The Cuban example is a challenge. They do not look two or three years ahead; they have a vision for five, 10, 15 or 20 years into the future. The Cubans argue that to close down a service in a certain area and to remove its capacity and infrastructure will result in an urban migratory shift, which itself creates problems and depletes capacity. Consequently, there is a bias towards an ageing population and other related factors. The Cubans take a holistic view; it is difficult to do it justice in an hour’s discussion. I recommend that the Committee go to Cuba and see the system upfront, because it challenges the notion that there is only one way to do something.
The Deputy Chairperson:
I take your point about rotating doctors in order to maintain their competences. Trusts have had to close hospitals in rural areas because the doctors say that they cannot maintain and update their skills. The simple answer to that would be to rotate them among the other hospitals in the trust area. That seems like the logical thing to do, even at GP level.
Dr Lynch:
It goes back to the mindset of what the system is there for. Is its purpose to protect public health, or is it to make life comfortable for the people who work in it? If we mean to put citizens’ public health first, we must create systems that support that. The solutions can be found if there is a political will to make something happen.
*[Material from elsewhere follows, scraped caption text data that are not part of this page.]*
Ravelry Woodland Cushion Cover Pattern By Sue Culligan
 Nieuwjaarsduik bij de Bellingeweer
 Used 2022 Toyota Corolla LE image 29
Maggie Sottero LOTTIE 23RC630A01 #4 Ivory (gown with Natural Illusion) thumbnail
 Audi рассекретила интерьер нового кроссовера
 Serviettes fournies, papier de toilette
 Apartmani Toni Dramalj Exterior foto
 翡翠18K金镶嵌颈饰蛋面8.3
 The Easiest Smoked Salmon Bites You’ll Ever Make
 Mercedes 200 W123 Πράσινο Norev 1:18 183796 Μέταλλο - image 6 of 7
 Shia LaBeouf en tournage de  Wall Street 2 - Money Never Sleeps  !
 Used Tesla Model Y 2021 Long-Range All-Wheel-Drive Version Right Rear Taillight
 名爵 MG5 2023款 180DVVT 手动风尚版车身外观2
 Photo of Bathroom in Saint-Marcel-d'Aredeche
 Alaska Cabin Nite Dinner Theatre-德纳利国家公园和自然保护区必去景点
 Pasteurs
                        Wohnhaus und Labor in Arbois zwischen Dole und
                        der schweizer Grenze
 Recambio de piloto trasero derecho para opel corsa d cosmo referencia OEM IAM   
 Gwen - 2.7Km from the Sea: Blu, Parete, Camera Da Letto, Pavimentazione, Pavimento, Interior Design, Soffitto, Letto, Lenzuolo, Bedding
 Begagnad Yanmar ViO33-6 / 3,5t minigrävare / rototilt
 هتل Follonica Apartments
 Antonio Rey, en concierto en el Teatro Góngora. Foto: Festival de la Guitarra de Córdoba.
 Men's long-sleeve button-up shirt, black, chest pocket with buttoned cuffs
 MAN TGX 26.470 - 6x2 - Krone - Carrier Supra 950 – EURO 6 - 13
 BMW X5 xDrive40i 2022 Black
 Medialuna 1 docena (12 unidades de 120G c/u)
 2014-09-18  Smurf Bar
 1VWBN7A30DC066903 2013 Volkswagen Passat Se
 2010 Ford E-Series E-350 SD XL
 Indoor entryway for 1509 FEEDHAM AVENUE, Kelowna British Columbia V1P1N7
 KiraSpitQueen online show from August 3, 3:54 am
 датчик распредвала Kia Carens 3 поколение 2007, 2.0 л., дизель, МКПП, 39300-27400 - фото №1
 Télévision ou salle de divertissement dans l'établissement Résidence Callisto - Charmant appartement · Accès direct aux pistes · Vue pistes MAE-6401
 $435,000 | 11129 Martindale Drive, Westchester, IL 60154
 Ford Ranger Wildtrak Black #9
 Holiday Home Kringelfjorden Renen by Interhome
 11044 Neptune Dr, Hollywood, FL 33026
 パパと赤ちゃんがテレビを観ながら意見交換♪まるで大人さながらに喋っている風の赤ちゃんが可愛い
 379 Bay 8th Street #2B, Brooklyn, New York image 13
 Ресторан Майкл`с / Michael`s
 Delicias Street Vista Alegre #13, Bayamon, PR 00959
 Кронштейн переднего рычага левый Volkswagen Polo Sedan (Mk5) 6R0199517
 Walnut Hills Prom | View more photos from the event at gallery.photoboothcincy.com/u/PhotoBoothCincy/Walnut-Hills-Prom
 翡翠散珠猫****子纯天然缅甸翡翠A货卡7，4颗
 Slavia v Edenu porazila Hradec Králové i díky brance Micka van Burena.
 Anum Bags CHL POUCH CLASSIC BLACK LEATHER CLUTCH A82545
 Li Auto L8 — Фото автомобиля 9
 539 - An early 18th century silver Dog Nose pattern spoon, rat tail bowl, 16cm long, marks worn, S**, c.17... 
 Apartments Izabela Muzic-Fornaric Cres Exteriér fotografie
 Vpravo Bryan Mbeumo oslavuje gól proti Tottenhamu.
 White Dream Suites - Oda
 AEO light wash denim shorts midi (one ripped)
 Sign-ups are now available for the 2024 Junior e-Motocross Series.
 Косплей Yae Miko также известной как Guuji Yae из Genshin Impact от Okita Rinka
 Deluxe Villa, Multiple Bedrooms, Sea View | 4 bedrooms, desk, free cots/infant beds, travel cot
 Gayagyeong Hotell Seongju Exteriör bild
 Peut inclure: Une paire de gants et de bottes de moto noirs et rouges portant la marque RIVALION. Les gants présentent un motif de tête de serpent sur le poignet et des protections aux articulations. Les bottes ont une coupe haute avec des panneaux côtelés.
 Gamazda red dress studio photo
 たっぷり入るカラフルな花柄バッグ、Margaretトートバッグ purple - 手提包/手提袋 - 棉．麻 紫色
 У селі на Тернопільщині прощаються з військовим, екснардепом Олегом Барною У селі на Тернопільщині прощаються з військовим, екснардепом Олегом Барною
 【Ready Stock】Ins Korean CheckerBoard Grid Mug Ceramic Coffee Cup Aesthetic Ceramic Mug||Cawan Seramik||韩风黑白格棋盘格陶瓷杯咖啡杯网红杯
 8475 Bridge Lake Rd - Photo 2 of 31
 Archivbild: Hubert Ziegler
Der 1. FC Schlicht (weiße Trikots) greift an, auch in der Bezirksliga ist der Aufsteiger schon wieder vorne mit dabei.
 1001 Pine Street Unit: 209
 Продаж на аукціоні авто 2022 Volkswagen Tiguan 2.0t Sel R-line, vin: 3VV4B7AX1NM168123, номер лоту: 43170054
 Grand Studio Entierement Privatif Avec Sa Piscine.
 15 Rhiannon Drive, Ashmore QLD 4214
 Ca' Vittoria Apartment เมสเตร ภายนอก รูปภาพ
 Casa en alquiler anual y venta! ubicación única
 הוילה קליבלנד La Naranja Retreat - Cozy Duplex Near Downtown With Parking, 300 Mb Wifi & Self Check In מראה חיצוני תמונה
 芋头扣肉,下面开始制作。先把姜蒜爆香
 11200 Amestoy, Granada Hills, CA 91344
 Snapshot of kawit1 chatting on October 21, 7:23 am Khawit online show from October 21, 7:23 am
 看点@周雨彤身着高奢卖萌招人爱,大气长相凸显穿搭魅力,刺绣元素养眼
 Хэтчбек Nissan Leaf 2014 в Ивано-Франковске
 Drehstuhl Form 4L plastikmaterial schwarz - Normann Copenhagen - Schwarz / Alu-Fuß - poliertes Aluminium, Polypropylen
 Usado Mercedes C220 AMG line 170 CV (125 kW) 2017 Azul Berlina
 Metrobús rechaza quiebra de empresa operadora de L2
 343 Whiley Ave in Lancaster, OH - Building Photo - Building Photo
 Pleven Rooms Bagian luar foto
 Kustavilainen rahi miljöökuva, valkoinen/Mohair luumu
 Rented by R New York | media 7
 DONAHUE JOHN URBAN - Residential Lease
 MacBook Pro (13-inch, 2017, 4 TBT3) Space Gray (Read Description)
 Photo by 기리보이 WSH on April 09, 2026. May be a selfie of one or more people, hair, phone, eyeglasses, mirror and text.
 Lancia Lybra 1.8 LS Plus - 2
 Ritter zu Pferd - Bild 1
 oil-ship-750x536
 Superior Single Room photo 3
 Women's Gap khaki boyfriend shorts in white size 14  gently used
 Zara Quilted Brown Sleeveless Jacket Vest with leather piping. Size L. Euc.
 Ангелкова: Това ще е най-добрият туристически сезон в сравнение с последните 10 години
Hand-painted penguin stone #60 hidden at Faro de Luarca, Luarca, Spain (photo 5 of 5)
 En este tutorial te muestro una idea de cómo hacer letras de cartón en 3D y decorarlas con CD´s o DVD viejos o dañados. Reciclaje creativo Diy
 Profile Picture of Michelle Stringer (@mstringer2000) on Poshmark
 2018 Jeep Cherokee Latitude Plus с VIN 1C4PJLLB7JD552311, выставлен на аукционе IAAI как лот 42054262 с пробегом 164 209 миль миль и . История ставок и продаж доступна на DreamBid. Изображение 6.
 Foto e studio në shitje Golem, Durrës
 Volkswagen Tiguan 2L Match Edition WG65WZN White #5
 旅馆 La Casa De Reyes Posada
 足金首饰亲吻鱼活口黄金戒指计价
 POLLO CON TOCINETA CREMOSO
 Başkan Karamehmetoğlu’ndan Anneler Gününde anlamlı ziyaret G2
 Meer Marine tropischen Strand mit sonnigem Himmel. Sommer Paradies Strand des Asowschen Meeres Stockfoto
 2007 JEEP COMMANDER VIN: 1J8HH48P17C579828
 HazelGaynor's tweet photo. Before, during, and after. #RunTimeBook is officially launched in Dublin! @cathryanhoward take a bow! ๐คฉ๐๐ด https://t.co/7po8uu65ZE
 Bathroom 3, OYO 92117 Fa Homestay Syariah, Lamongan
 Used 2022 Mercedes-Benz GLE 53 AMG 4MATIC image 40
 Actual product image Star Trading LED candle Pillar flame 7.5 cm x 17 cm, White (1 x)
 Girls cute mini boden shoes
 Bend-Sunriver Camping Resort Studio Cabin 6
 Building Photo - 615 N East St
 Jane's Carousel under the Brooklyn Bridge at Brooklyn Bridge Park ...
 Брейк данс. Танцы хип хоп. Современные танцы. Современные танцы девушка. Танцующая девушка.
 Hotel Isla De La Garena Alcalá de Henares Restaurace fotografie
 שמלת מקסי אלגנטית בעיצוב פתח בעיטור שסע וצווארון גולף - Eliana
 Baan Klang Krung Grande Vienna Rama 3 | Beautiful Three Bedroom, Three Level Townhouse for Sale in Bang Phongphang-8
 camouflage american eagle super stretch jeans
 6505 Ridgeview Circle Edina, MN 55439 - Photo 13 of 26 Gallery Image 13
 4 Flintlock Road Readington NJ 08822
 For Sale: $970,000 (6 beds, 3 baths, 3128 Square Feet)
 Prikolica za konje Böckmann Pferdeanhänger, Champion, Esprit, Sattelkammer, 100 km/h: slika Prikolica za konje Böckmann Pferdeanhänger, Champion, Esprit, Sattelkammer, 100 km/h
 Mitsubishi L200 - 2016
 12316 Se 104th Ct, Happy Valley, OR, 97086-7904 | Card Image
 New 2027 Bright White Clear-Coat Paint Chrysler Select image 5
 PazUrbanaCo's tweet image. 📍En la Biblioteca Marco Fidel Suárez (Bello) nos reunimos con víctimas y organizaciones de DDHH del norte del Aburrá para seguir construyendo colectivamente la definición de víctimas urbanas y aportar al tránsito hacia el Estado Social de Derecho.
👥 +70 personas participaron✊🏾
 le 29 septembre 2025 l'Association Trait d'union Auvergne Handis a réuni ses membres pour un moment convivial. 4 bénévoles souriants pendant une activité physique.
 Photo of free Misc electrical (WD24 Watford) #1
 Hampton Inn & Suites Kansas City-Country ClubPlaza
The Cuban people make incredible demands on their health service and have huge expectations. The Cuban Government are very pragmatic; when we asked them why they set certain priorities, they told us that, if they did not do things in a certain way, they would lose the support of the people, and the revolution would not continue. It is all about political will.
Mrs Hanna:
Are you saying that we need a Castro? [Laughter.]
The Deputy Chairperson:
That concludes our questions. Thank you for coming along; it has been a very interesting presentation, and it will help our inquiry.